Società, distributori di gruppo fuori dalle norme Cfc
Distributori di gruppo a rischio limitato fuori dal campo di applicazione delle norme Cfc. Il principio emerge dal decreto di recepimento della direttiva Atad, che ha introdotto principi di transfer pricing per individuare le Cfc.
In base all’articolo 4, comma 4 lettera b) del Dlgs di recepimento della direttiva (Ue) 2016/1164 (Atad), se il soggetto controllato estero è assoggettato a tassazione effettiva inferiore alla metà di quella a cui sarebbe assoggettato in Italia e oltre un terzo dei proventi realizzati derivano da operazioni intra-gruppo di compravendita di beni (numero 6) o da prestazioni di servizi (numero 7) con valore economico aggiunto scarso o nullo, scattano i presupposti per la tassazione in Italia del reddito della controllata estera.

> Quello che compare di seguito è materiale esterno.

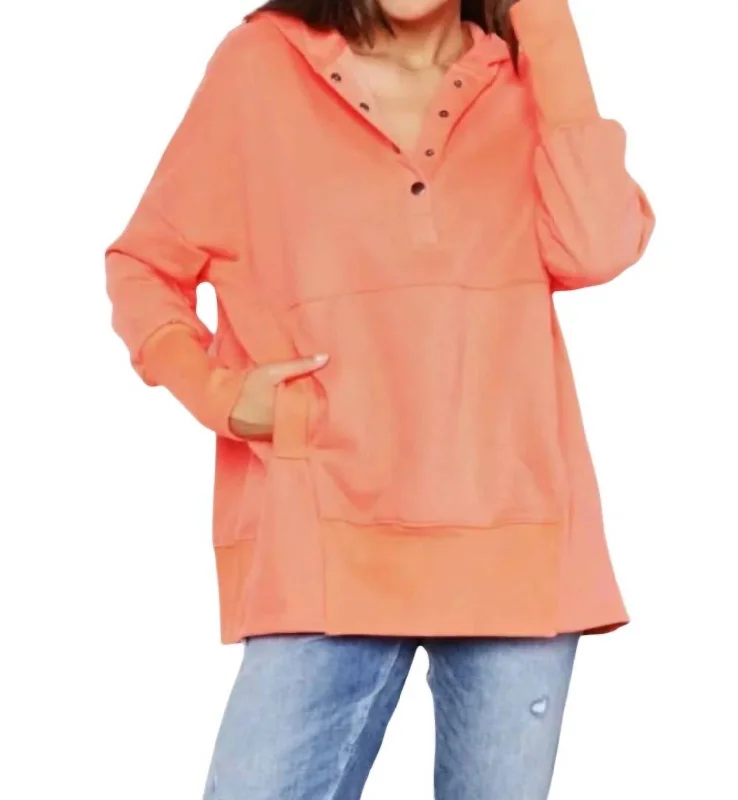 Casual Chic Clothing Quarter-Snap Dropped Shoulder Hoodie In Tangerine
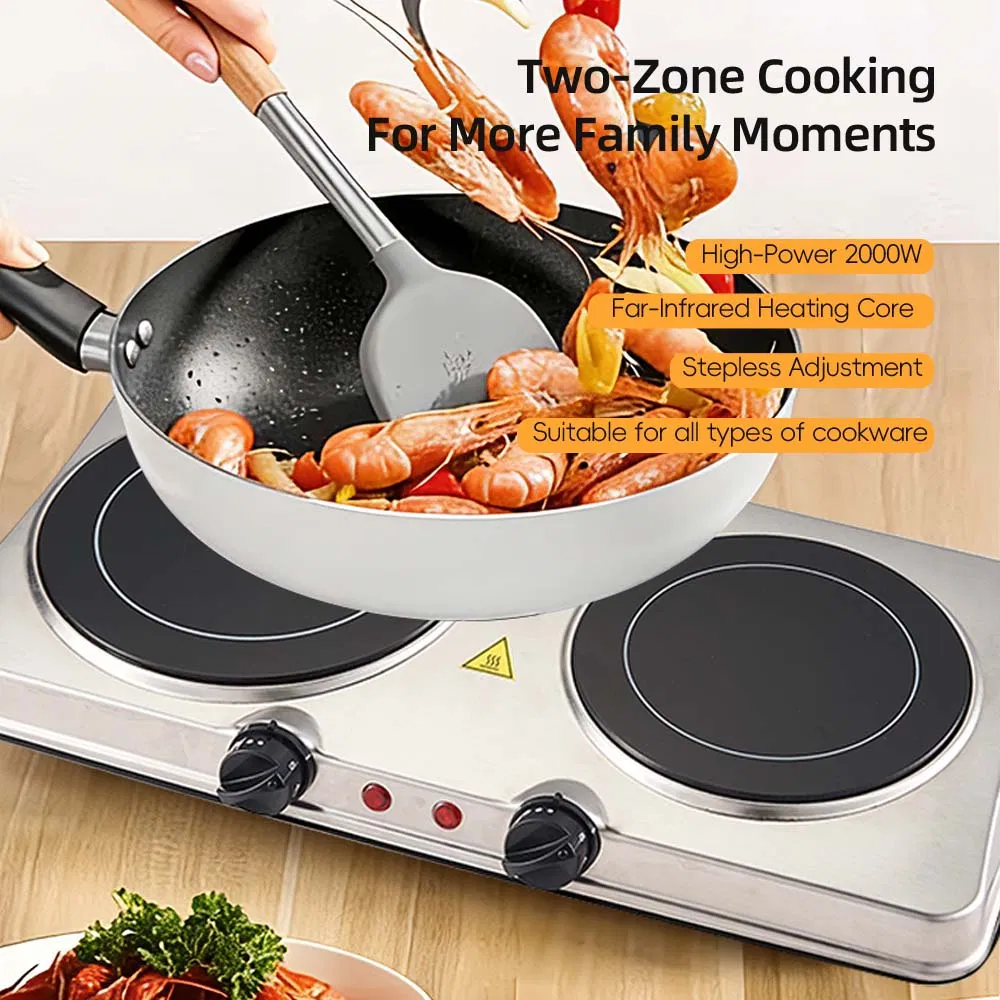 Portable Double Burner Infrared Electric Cooktop for Home Use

La norma prevede che ai fini dell’individuazione dei servizi con valore economico aggiunto scarso o nullo si tiene conto delle indicazioni contenute nel Dm 14/5/2018, ovvero dei principi di Tp.
In particolare, sono considerati servizi a basso valore aggiunto quei servizi che:
a) hanno natura di supporto
b) non sono parte delle attività principali del gruppo multinazionale
c) non richiedono l’uso di beni immateriali unici e di valore, e non contribuiscono alla creazione degli stessi
d) non comportano l’assunzione o il controllo di un rischio significativo da parte del fornitore del servizio né generano in capo al medesimo l’insorgere di un tale rischio. Si noti che la definizione di servizi a basso valore aggiunto del Dm è in linea con le linee guida Ocse sui prezzi di trasferimento (par. 7.44).
A differenza dei servizi, il decreto non definisce le operazioni di compravendita a rischio basso o nullo. La relazione illustrativa precisa che si è ritenuto di non accogliere la richiesta della commissione Finanze della Camera di emanazione di un Dm per individuare tali attività e che la verifica va effettuata sulla base delle medesime condizioni fissate per i servizi a basso valore aggiunto. Queste condizioni non sembrano però adatte alle operazioni di distribuzione. In particolare, i primi due requisiti non sono applicabili in quanto le attività di vendita a clienti terzi di beni acquistati intercompany sono normalmente attività “core” per l’impresa, ovvero non hanno natura di supporto e fanno parte delle attività principali del gruppo multinazionale. Le stesse linee guida Ocse prevedono che le condizioni fissate per i servizi a basso valore aggiunto non sono applicabili alle attività di commercializzazione (par. 7.47).
In definitiva, seguendo le indicazioni della relazione illustrativa, nella generalità dei casi i distributori a rischio limitato non dovrebbero rientrare nel campo di applicazione della normativa Cfc nonostante quanto previsto dall’articolo 4, comma 4, lettera b 6 del decreto. Non è chiaro quindi quali fattispecie dovrebbe colpire la norma nelle intenzioni del legislatore. Si potrebbe ipotizzare che si tratti di operazioni di acquisto e rivendita intercompany o di “procurement” su beni non destinati alla produzione. Infatti se i beni sono destinati alla produzione le operazioni sarebbero escluse dal par. 7.47 dell’Ocse.
In ogni caso rimane applicabile l’esimente che prevede la dimostrazione di un’attività economica effettiva (comma 5).